We now have all of the input pieces to complete our graph dataset. Fortunately, we had already developed a routine in CWPK #49 for generating an output listing from our owlready2 representation of KBpedia. We begin by loading up our necessary packages for working with this information:

from cowpoke.__main__ import *
from cowpoke.config import *
from owlready2 import *

And we follow the same configuration setup approach that we have developed for prior extractions:

### KEY CONFIG SETTINGS (see build_deck in config.py) ###             
# 'kb_src'        : 'standard'                                        # Set in master_deck
# 'loop_list'     : kko_order_dict.values(),                          # Note 1   
# 'base'          : 'C:/1-PythonProjects/kbpedia/v300/build_ins/mappings/',              
# 'ext'           : '.csv',                                         
# 'out_file'      : 'C:/1-PythonProjects/kbpedia/v300/extractions/data/graph_specs.csv',

def graph_extractor(**extract_deck):
    print('Beginning graph structure extraction . . .')
    loop_list = extract_deck.get('loop_list')
    loop = extract_deck.get('loop')
    class_loop = extract_deck.get('class_loop')
    base = extract_deck.get('base')
    ext = extract_deck.get('ext')
    
    # Note 2
    parent_set = ['kko.SocialSystems','kko.Products','kko.Methodeutic','kko.Eukaryotes',
              'kko.ConceptualSystems','kko.AVInfo','kko.Systems','kko.Places',
              'kko.OrganicChemistry','kko.MediativeRelations','kko.LivingThings',
              'kko.Information','kko.CopulativeRelations','kko.Artifacts','kko.Agents',
              'kko.TimeTypes','kko.Symbolic','kko.SpaceTypes','kko.RepresentationTypes',
              'kko.RelationTypes','kko.OrganicMatter','kko.NaturalMatter',
              'kko.AttributeTypes','kko.Predications','kko.Manifestations',
              'kko.Constituents']

    if loop is not 'class_loop':
        print("Needs to be a 'class_loop'; returning program.")
        return
    header = ['target', 'source', 'weight', 'SuperType']
    out_file = extract_deck.get('out_file')
    cur_list = []
    with open(out_file, mode='w', encoding='utf8', newline='') as output:                                           
        csv_out = csv.writer(output)
        csv_out.writerow(header)    
        for value in loop_list:
            print('   . . . processing', value)
            s_set = []
            root = eval(value)
            s_set = root.descendants()
            frag = value.replace('kko.','')
            for s_item in s_set:
                child_set = list(s_item.subclasses())
                count = len(list(child_set))
                
# Note 3                
                if value not in parent_set:
                    for child_item in child_set:
                        s_rc = str(s_item)
                        child = str(child_item)
                        new_pair = s_rc + child
                        new_pair = str(new_pair)
                        cur_list.append(new_pair)
                        s_rc = s_rc.replace('rc.','')
                        child = child.replace('rc.','')
                        row_out = (s_rc,child,count,frag)
                        csv_out.writerow(row_out)
                elif value in parent_set:
                    for child_item in child_set:
                        s_rc = str(s_item)
                        child = str(child_item)
                        new_pair = s_rc + child
                        new_pair = str(new_pair)
                        if new_pair not in cur_list:
                            cur_list.append(new_pair)
                            s_rc = s_rc.replace('rc.','')
                            child = child.replace('rc.','')
                            row_out = (s_rc,child,count,frag)
                            csv_out.writerow(row_out)
                        elif new_pair in cur_list:
                            continue
        output.close()         
        print('Processing is complete . . .')
graph_extractor(**extract_deck)

This routine is pretty consistent with the prior version except for a few changes.
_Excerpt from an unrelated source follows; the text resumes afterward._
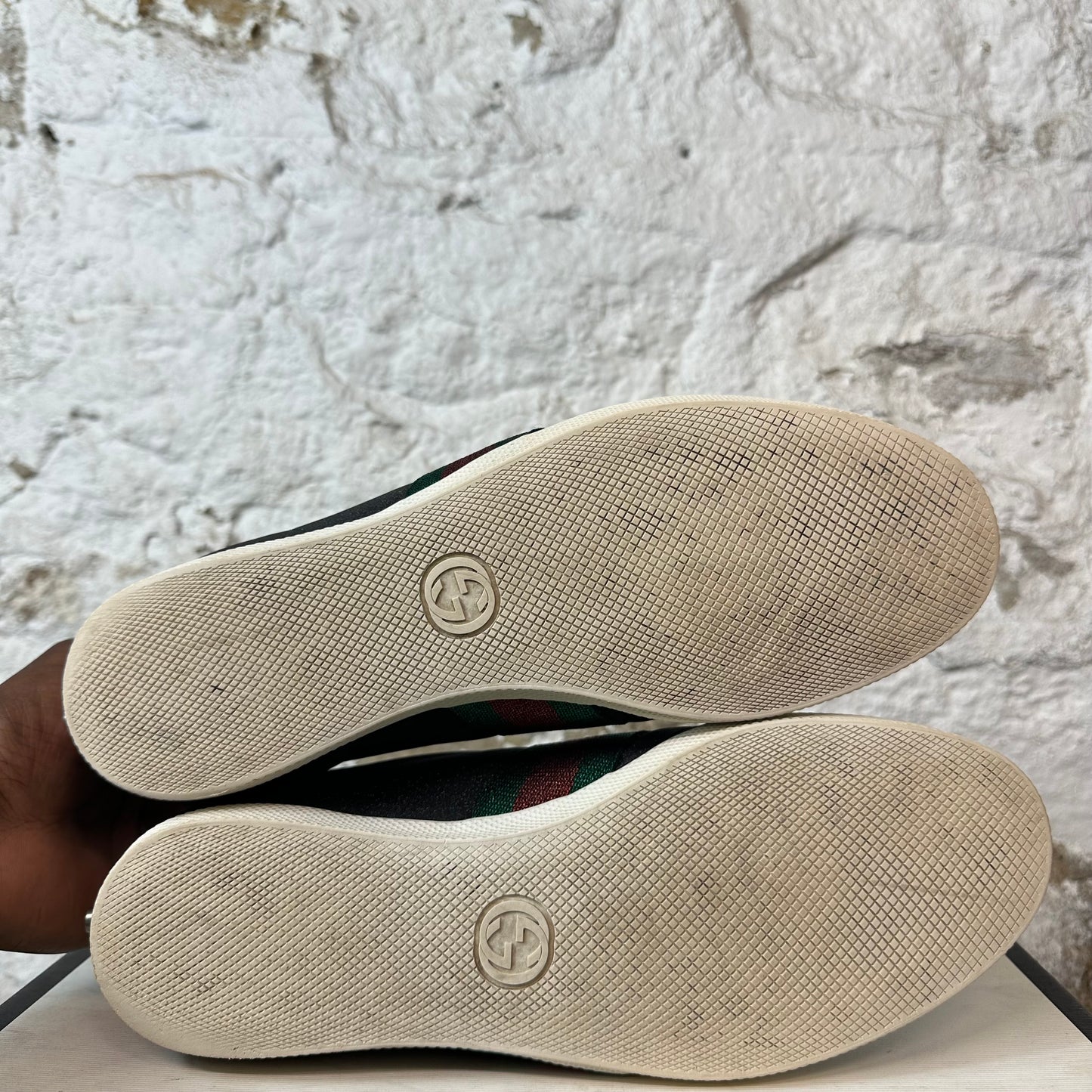 Gucci Bambi Web Black Glitter Stud Sneaker Sz 9.5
First, the order of the STs in the input dictionary has changed (1), consistent with the order of the universal categories and with lower categories processed first. Since source-target pairs are only processed once, this ordering means duplicate assignments are always placed at their lowest point in the KBpedia hierarchy. Second, to help enforce this ordering, parental STs are separately noted (2) and then processed to skip source-target pairs that had been previously processed (3).

To see the output from this routine (without hex colors yet being assigned by ST), run:

import pandas as pd

df = pd.read_csv('C:/1-PythonProjects/kbpedia/v300/extractions/data/graph_specs.csv')

df

Evaluation of Large-scale Graph Visualization Options

In my prior work with large-scale graph visualizations, I have used Cytoscape and written about it (2008), as well as Gephi and written about it (2011). Though my most recent efforts have preferred Gephi, neither is written in Python and both are rather cumbersome to set up for a given visualization.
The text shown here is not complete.